··· EXCERPTED RECORDS
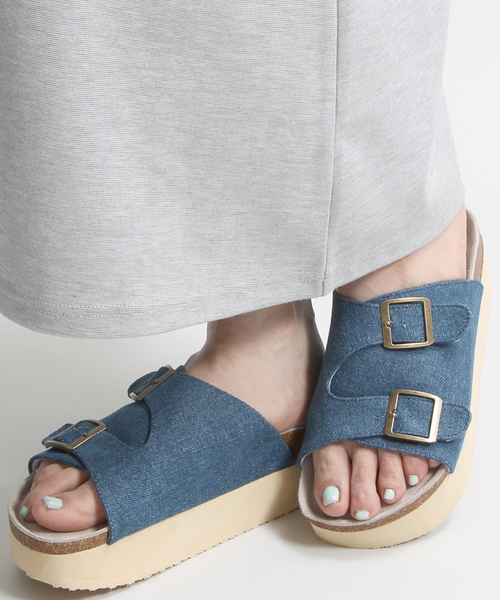 WEGO（ウィゴー）の「WEGO/ベルトデザインサンダル（サンダル・レディース・ワイン/キャメル/ベージュ/ブラック/インディゴブルー・MEDIUM/LARGE）」の3枚目の写真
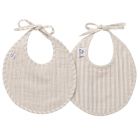Lot de 2 bavoirs gaze de coton - Soft Stripes galet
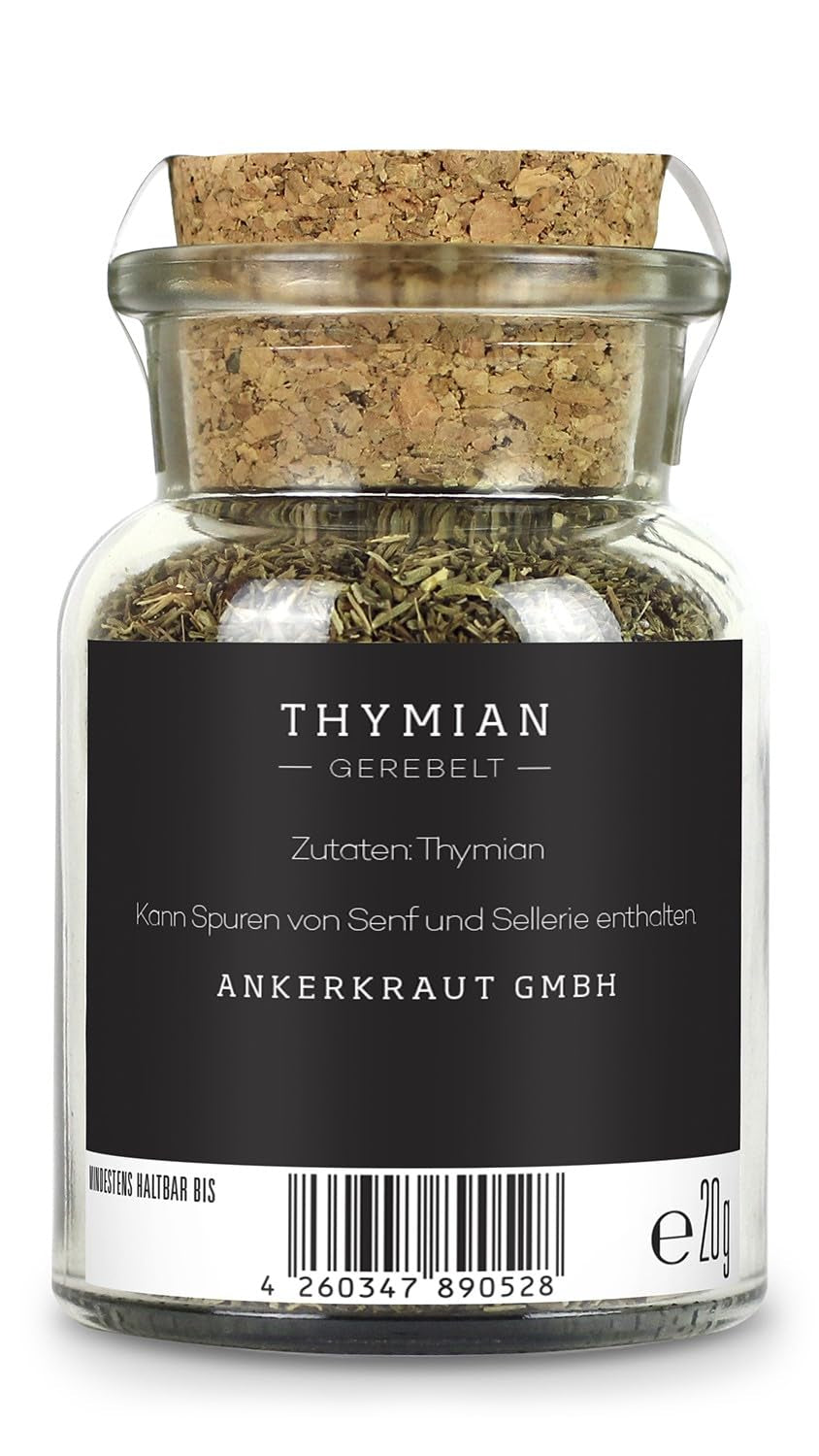 Ankerkraut Thym, gerebelt, méditerranéen Gewürz, 30g dans Korkenglas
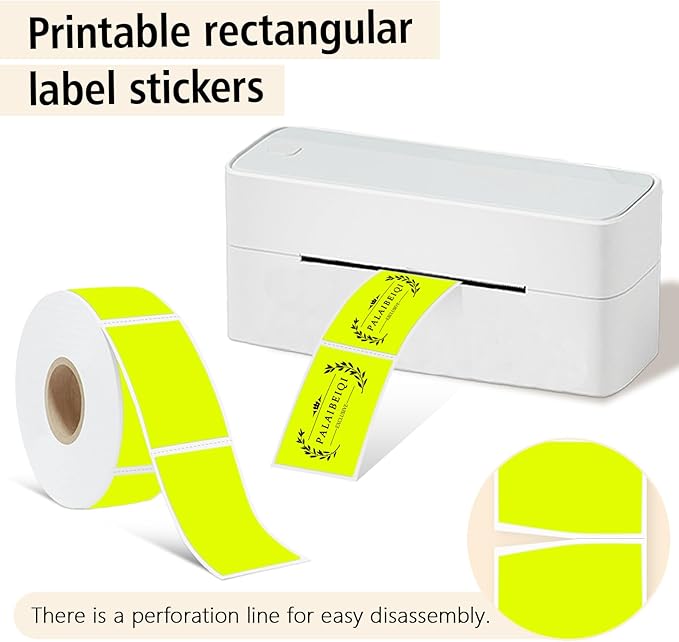 PALAIBEIQI 1x2 Inch Thermal Labels,500PCS Rectangle Stickers,Waterproof Removable Blank Stickers for Address,Jars,Freezer Containers & Pantry Organization,Fluorescent Yellow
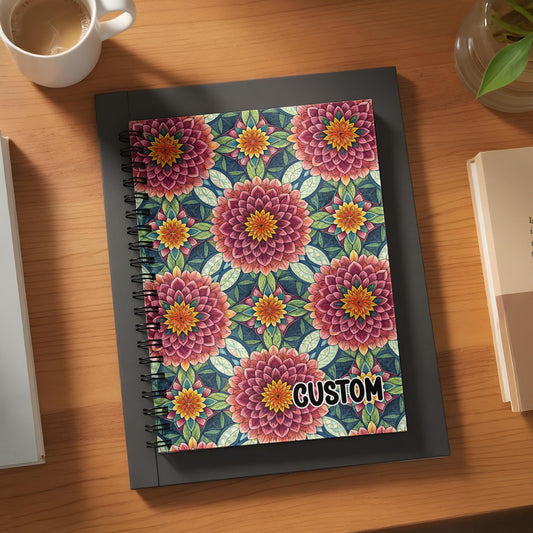 Custom Floral Pattern Spiral Bound Notebook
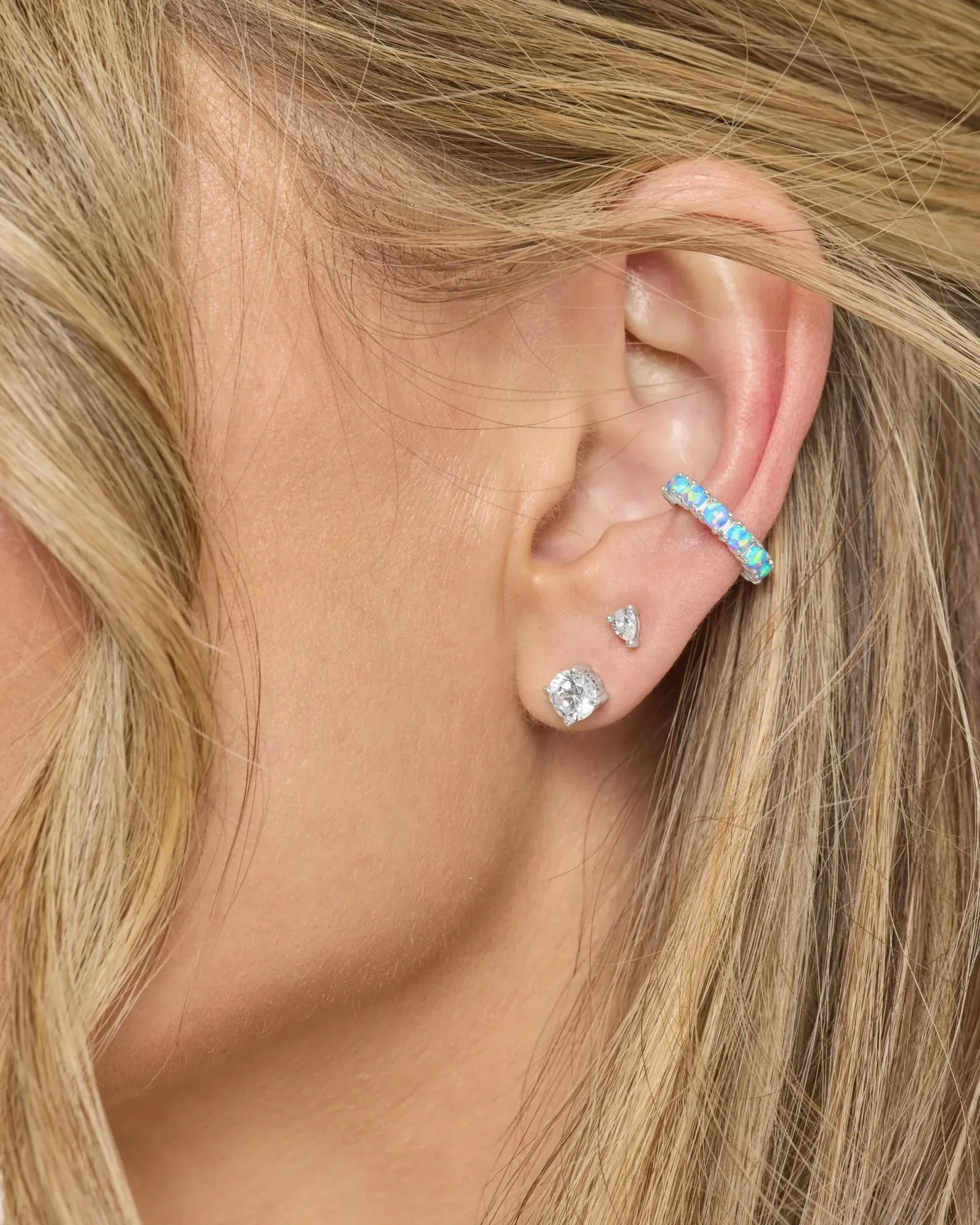 "Oh She Fancy" Ear Cuff – Silver|Blue Opal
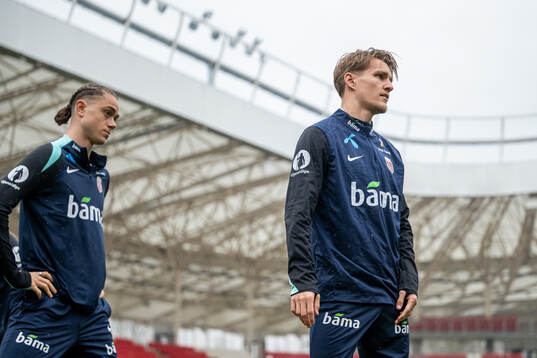 Thelo Aasgaard and Martin Ødegaard of the Norwegian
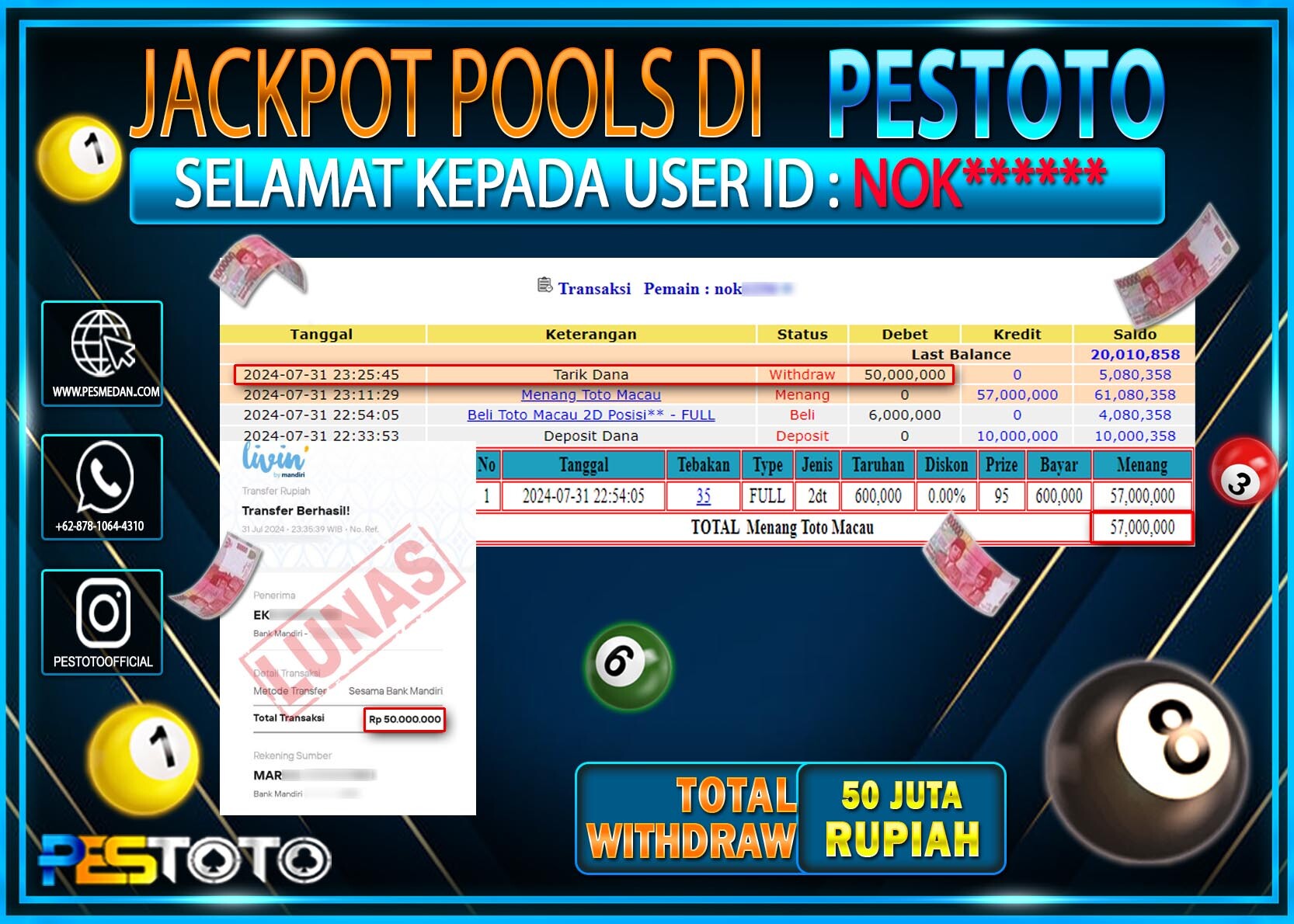 HANYA DI PESTOTO JP PASTI DI BAYAR LUNAS DAN CEPAT!!!!!! JP TOGEL { TOTO MACAU } Rp. 50.000.000!!!!!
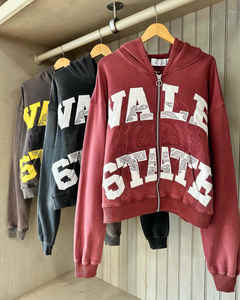 Fabricant Logo personnalisé poids lourd lavage à l'acide soleil délavé en détresse vintage applique broderie patch surdimensionné sweats à capuche zippés - Product Image 1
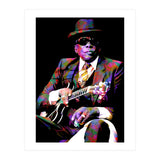 John Lee Hooker American Blues Musician Legend Colorful Art (Print Only) thumbnail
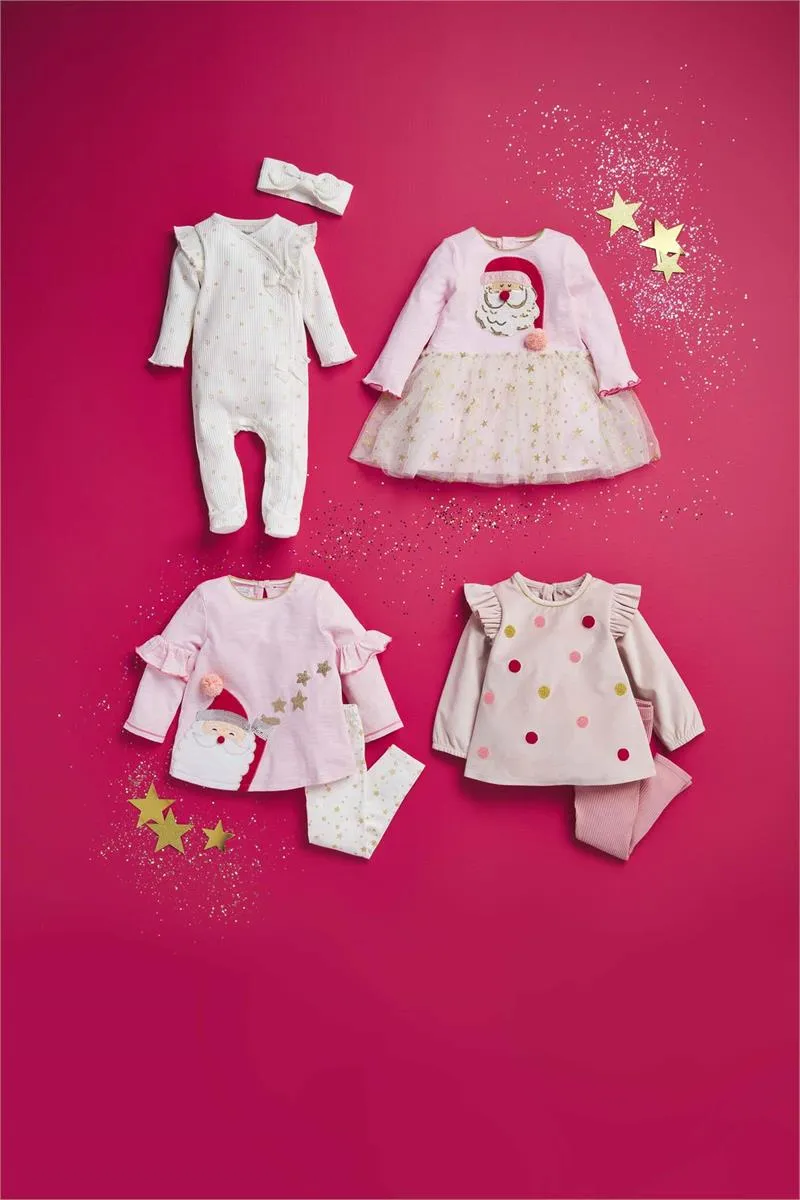 Mud Pie Pink Santa Tunic & Legging Set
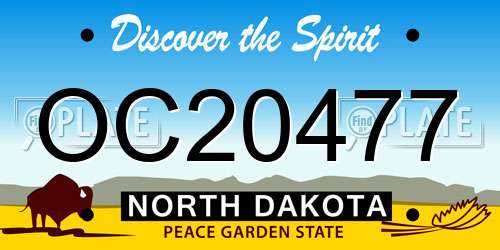 OC20477 North Dakota License Plate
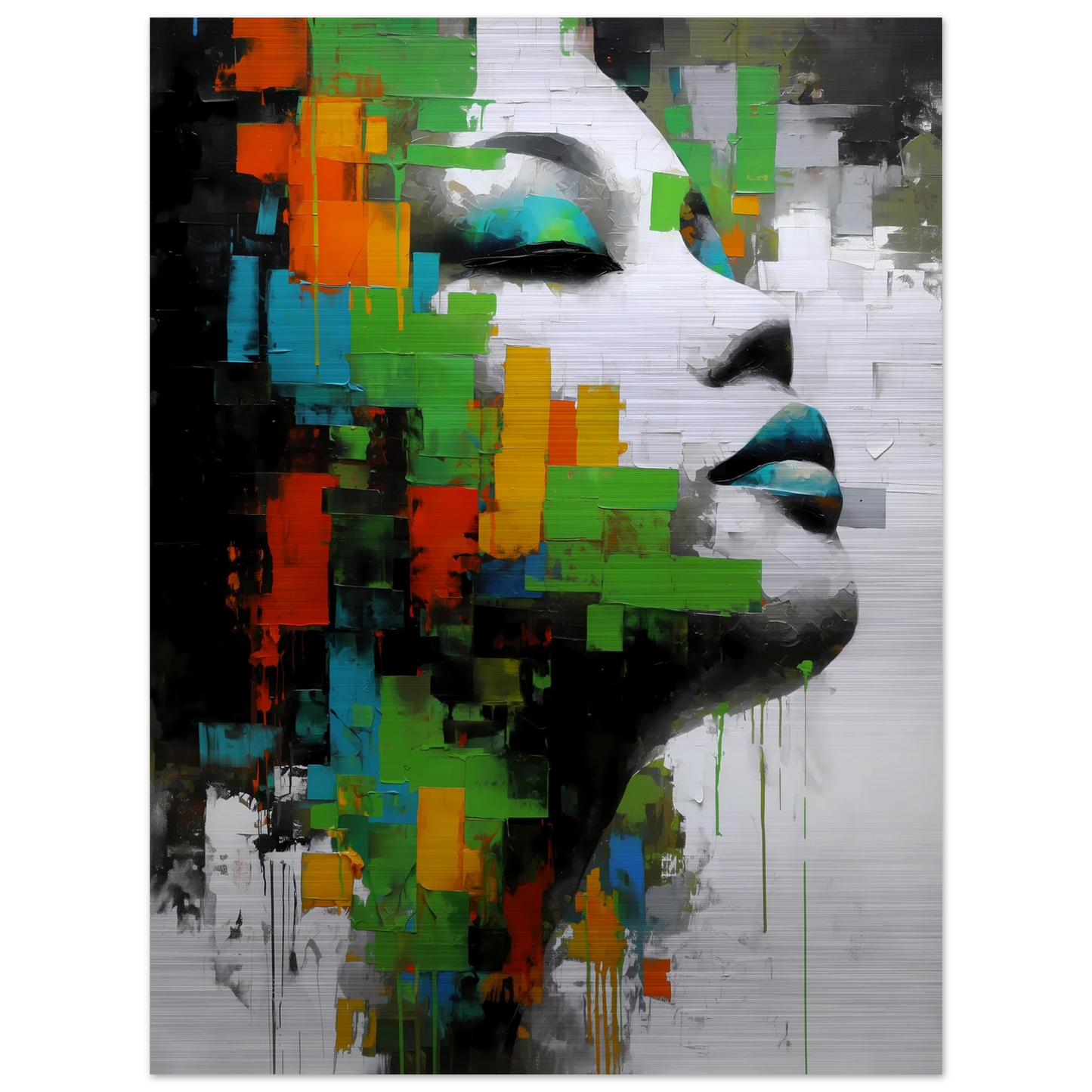 Visage en Éclats Verts — tableau aluminium — vue 2 — art mural STNCL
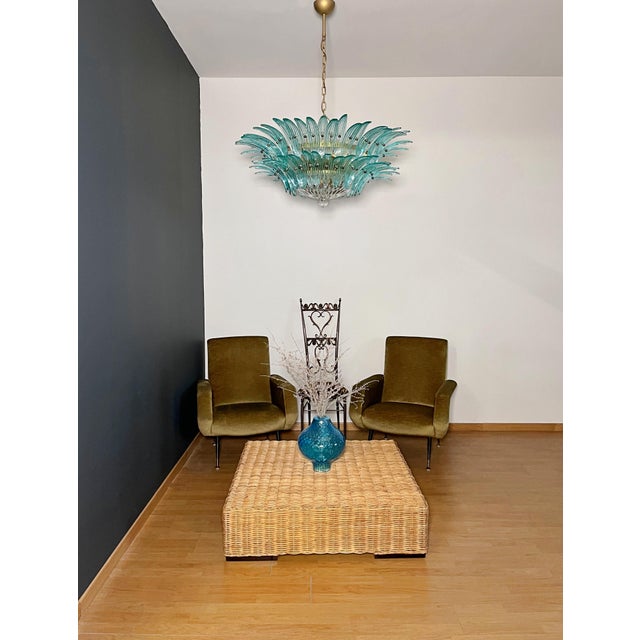 Vintage Murano Chandelier with 82 Turquoise Glasses, 1990s For Sale - Image 10 of 18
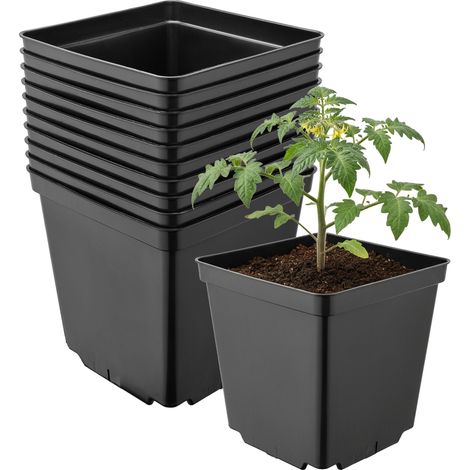 Garronda Pflanztopf Kunststoff 15 x 15 x 15 cm (2,5L) 10er Set eckig mit Drainagelöchern Blumentopf robust Pflanzentopf für Garten Gewächshaus Balkon Anzucht Innen Außenbereich Schwarz GD-0199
······
WHAT YOU SHOULD DO: Without any of its pictures, the listing is to be repeated exactly as it stands.

TASK ANSWER:
 WEGO（ウィゴー）の「WEGO/ベルトデザインサンダル（サンダル・レディース・ワイン/キャメル/ベージュ/ブラック/インディゴブルー・MEDIUM/LARGE）」の3枚目の写真
Lot de 2 bavoirs gaze de coton - Soft Stripes galet
 Ankerkraut Thym, gerebelt, méditerranéen Gewürz, 30g dans Korkenglas
 PALAIBEIQI 1x2 Inch Thermal Labels,500PCS Rectangle Stickers,Waterproof Removable Blank Stickers for Address,Jars,Freezer Containers & Pantry Organization,Fluorescent Yellow
 Custom Floral Pattern Spiral Bound Notebook
 "Oh She Fancy" Ear Cuff – Silver|Blue Opal
 Thelo Aasgaard and Martin Ødegaard of the Norwegian
 HANYA DI PESTOTO JP PASTI DI BAYAR LUNAS DAN CEPAT!!!!!! JP TOGEL { TOTO MACAU } Rp. 50.000.000!!!!!
 Fabricant Logo personnalisé poids lourd lavage à l'acide soleil délavé en détresse vintage applique broderie patch surdimensionné sweats à capuche zippés - Product Image 1
 John Lee Hooker American Blues Musician Legend Colorful Art (Print Only) thumbnail
 Mud Pie Pink Santa Tunic & Legging Set
 OC20477 North Dakota License Plate
 Visage en Éclats Verts — tableau aluminium — vue 2 — art mural STNCL
 Vintage Murano Chandelier with 82 Turquoise Glasses, 1990s For Sale - Image 10 of 18
 Garronda Pflanztopf Kunststoff 15 x 15 x 15 cm (2,5L) 10er Set eckig mit Drainagelöchern Blumentopf robust Pflanzentopf für Garten Gewächshaus Balkon Anzucht Innen Außenbereich Schwarz GD-0199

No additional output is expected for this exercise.